Turkish kebabs in Germany
culinary cultures — By Bob Riel on April 6, 2007 at 2:54 amWhat do Turkish kebab sandwiches have to do with German culture or the German economy? Plenty, these days, according to this story in the Los Angeles Times, which recounts how Germany is trying to create a system for kebab chefs to be integrated into the workforce. If the labor angle is uninteresting, you might still enjoy the article for its mouthwatering descriptions of Turkish kebabs.
… one must appreciate the sauce-drenched, onion-scented, shaved-meat beauty in a pita known as the doner, or spinning, kebab. Fat and messy, it is the Turkish immigrant’s gift to Germany, a bit of meal-time chaos in a nation that doesn’t like its peas to roll too close to the mashed potatoes.
Integration is often not a success story here, but the kebab has found a home, slipping in amid the sausage and beer like a distant, exotic uncle.

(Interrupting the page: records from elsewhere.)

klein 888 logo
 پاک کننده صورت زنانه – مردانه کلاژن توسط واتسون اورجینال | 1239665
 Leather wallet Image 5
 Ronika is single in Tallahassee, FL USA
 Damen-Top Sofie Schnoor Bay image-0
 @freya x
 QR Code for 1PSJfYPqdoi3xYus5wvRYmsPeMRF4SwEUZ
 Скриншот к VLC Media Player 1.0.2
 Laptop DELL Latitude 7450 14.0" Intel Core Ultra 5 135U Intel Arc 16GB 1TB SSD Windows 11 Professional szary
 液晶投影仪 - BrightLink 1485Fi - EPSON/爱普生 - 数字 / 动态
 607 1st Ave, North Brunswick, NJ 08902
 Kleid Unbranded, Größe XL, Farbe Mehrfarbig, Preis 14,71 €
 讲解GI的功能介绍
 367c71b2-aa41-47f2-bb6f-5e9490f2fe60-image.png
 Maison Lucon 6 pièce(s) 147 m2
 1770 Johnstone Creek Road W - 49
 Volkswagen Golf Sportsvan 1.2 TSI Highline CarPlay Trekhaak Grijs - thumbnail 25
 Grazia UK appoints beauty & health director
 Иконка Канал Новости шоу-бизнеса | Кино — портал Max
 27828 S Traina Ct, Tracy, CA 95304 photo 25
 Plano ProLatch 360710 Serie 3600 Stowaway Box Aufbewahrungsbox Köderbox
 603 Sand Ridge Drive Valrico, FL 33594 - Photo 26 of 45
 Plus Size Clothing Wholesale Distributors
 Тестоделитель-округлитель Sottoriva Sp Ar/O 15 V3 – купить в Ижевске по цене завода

It’s munched on the run and can fill the brawniest of laborers. When the bars close, and the soul is still restless, the kebab beckons, a late-night snack for the subway ride home. It sheds lettuce, bleeds tomatoes and has challenged dry cleaners from Hamburg to Hesse.
Now that maddeningly persistent German virtue known as order is being imposed on the untidy kebab. The Vocational School for Gastronomy and Nutrition here is offering a six-month course that in July will award the first kebab diplomas … The aim is to enhance the image of the kebab industry and give its workers, most of whom are first- and second-generation Turkish immigrants with limited educations, training toward better opportunities.
“In Germany if you are not integrated in the labor market, you are not integrated,” said Metin Harmanci of Entrepreneurs Without Borders, an organization that advises immigrant businesses and seeks equality in the workplace. “It’s difficult for immigrants to enter the labor market.”